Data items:

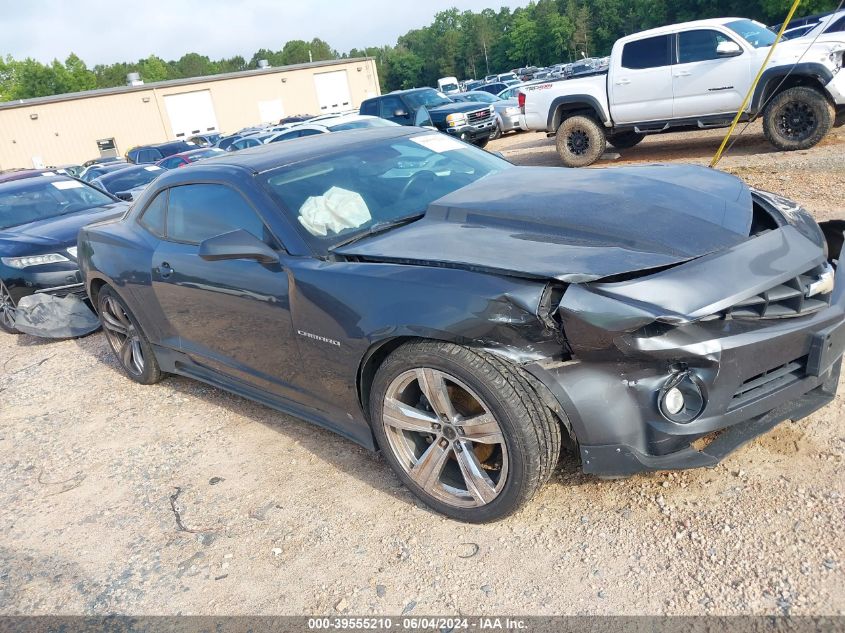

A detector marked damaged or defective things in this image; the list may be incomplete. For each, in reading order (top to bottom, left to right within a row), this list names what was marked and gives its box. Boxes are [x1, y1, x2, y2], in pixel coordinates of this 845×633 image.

deployed airbag [300, 189, 372, 238]
crushed hood [336, 165, 752, 282]
deployed airbag [12, 294, 99, 338]
damaged black camaro [76, 128, 840, 524]
crumpled front end [528, 215, 844, 476]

Problem requirements:
Copy all records exactly; omit images.

Output for this task:
A detector marked damaged or defective things in this image; the list may be incomplete. For each, in reading order (top to bottom, left to right within a row), this list names what was marked and gives its box. Boxes are [x1, y1, x2, y2], in pixel coordinates of this 845×633 image.

deployed airbag [300, 189, 372, 238]
crushed hood [336, 165, 752, 282]
deployed airbag [12, 294, 99, 338]
damaged black camaro [76, 128, 840, 524]
crumpled front end [528, 215, 844, 476]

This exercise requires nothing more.